Build Your Own Space Camera

Household items can give NASA a run for their money

The picture you see may look like it was taken by something built by NASA, but San Diego resident Eric Madigan will make you reconsider the things lying around your house.

"I can't believe it actually worked," he says when talking about the camera he sent 25 miles up above the surface of San Diego County.

It turns out; Madigan's space camera is nothing more than an inexpensive digital camera, Styrofoam cooler, cell phone, and weather balloon.  In all it cost him about $200 to build.

"You could use Tupperware, if you wanted, I suppose," said Madigan.

Madigan's project was based off an experiment by a team of MIT students last year.  It's something scientists say is becoming much more common as the size and price of technology decreases.

"It's profoundly less expensive," says Eric Frost with SDSU's Viz Lab.

Frost says you can fill a trash bag with helium, tie it to a string, attach a digital camera and you can make your own aerial photographs.

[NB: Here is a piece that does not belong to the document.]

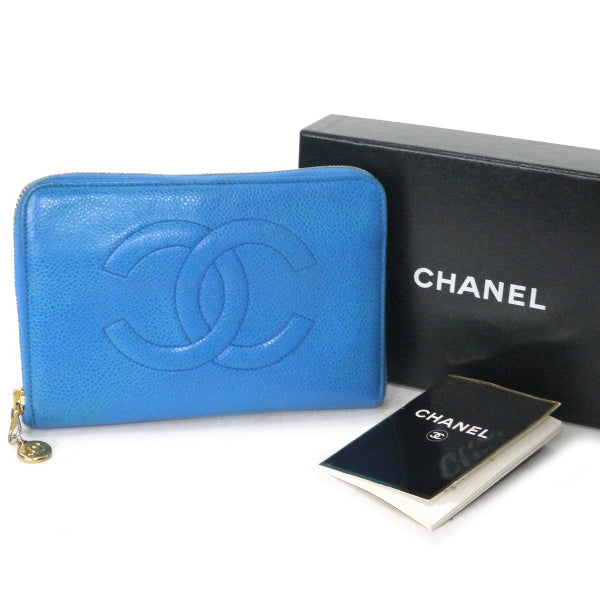 OLD CHANEL　ココステッチ ラウンドジップがま口長財布（青/キャビアスキン）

"And then you do a really simple thing, just walk the balloon," Frost said.

In fact, that's how Frost and a team from the lab photographed SDSU's campus from 1500 feet in the air and he says these kinds of tools have a lot of real world, cost effective uses.  His team designed a remote control airplane with an inexpensive digital camera that has helped out on search and rescues all over the country, including the efforts for Chelsea King and Amber Dubois.

"It's not just looking for where's the body," he said. "But it's also where are there trails, how would you get in there, do we need horses?"

Frost says the balloons and remote control planes can be used in wildfires because they can fly in conditions too dangerous for helicopters or other aircraft without the risk to human life.  He also says after the gulf oil spill, balloons with cameras attached were towed behind boats to get an inexpensive and real time aerial assessment of the damage.

"It's nearly free, but highly effective," says Frost.

Eric Madigan used the cell phone's GPS to find the camera after it came crashing down into a remote area of the desert away from any people or homes, on purpose.

"But contact the FAA. Make sure they ok your flight," Madigan said.

On its website, the FAA has a list of regulations you must follow if you're trying something like this.

As for Eric Madigan, he doesn't plan to sell those photographs and at that price, he can afford to just give them away.

"I'm really happy with the way they turned out," he said. "They're great pictures."